Prevejo que a Inteligência Artificial (IA) tornará a vida de todos mais fácil nos próximos cinco anos”.

Bill Gates (16 de janeiro de 2024 – Entrevista a Fareed Zakaria – CNN)

Lembrei da frase do matemático Norbert Wiener (1894-1964) “Ser informado é ser livre”. A simplicidade das palavras me obrigou a refletir.

O que significa ser informado é ser livre?

Liberdade é escolha. E para escolher é preciso ter informação sobre um leque de opções. Ou seja, a informação é uma condição de liberdade, mas também da prosperidade e, podemos afirmar, até de sobrevivência econômica.

Wiener dizia que a informação como uma quantidade era tão importante quanto a energia ou matéria.

O matemático e filósofo americano produziu trabalho relevante sobre probabilidades e ele deduziu a partir de inúmeros estudos que “todo o comportamento inteligente era o resultado de mecanismos de feedback, que poderiam ser simulados por máquinas”.

Em 2024, um dos paradoxos e contradições de nossa época é o contraste entre uma informação cada vez mais volumosa, caudalosa e a forma como o receptor a interpreta.

“Viver efetivamente significa ter a informação adequada” (Norbert Wiener). Segundo o Pew Research Center, em 2020, cerca de 59% dos adultos nos EUA diziam que o volume de informações disponíveis os deixava confusos sobre o que é verdadeiro ou falso.

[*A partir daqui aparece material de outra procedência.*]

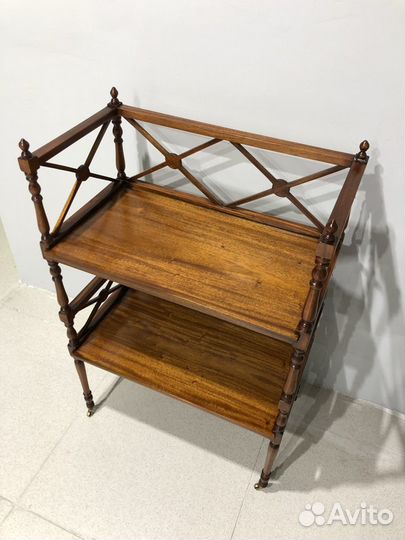 Этажерка на колесиках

Esse dado evidencia a importância de desenvolver habilidades críticas de análise e avaliação da informação para poder transformá-la em conhecimento.

“A habilidade de avaliar a credibilidade da informação é essencial, especialmente no contexto de disseminação de notícias falsas, informações enganosas e desinformação. Em síntese, a diferença entre informação e conhecimento é fundamental e está no cerne do processo cognitivo. A simples disponibilidade de informações não é suficiente para gerar conhecimento. Para que a informação seja transformada em conhecimento, é necessário que haja um processo de interpretação e análise crítica que permita a compreensão e a integração dessa informação com outros dados previamente conhecidos” (EXAME).

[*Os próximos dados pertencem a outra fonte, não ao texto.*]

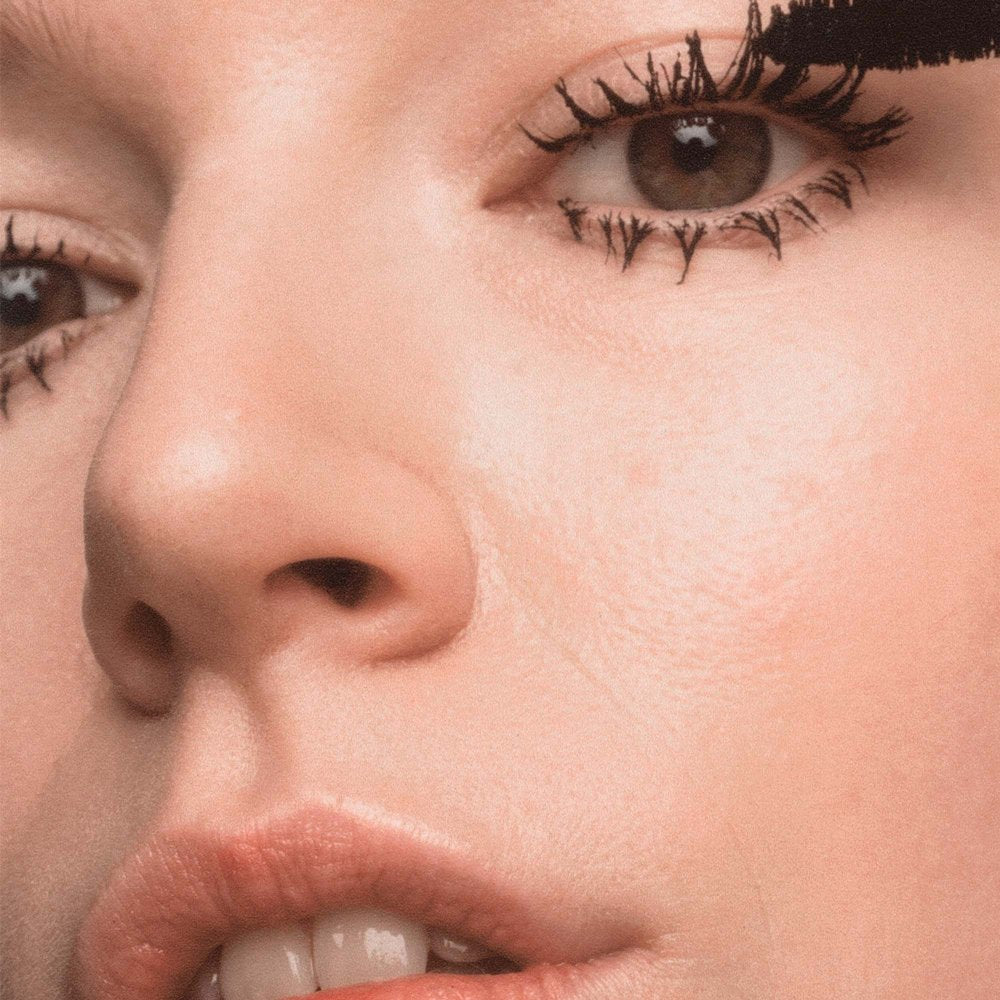COME CLOSER Infinite Lash Mascara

Informação e conhecimento são coisas distintas

Como diz a reportagem da revista Exame: “na sociedade da informação, as tecnologias digitais e a internet têm proporcionado um aumento exponencial na quantidade de dados disponíveis em todos os campos do aprendizado, e esse volume tem crescido a uma taxa alarmante. Em contrapartida, o processo de transformar a informação adquirida em conhecimento não é tão simples quanto parece”.

A informação é um dado. O conhecimento vem da inteligência interpretando o dado e os processos de aprendizado, que geram uma evolução pessoal e transformam o indivíduo. Na matéria da Exame, reforçam-se essas premissas: “A primeira refere-se à quantidade de dados que, por si só, não tem significado. É um conjunto de fatos, estatísticas, acontecimentos ou qualquer outra coisa que possa ser descrita de maneira objetiva. Já o segundo, por outro lado, é um processo mais complexo que envolve a compreensão e a interpretação desses dados”. 

A informação pura e simples não gera transformação.  O conhecimento, sim.  A ilusão do mundo virtual é a de que, como você tem acesso a tudo, acumula conhecimento. Não é verdade! 

Para ter conhecimento, é preciso dispor de tempo de maturação.  Muita leitura, capacidade de análise. “Leitura e escrita constantes afiam a mente, reduzem erros e evitam a mediocridade” (Ney Paula Batista).

A informação pela simples informação passa. Já o conhecimento fica porque se torna uma parte do que você é ou poderá ser.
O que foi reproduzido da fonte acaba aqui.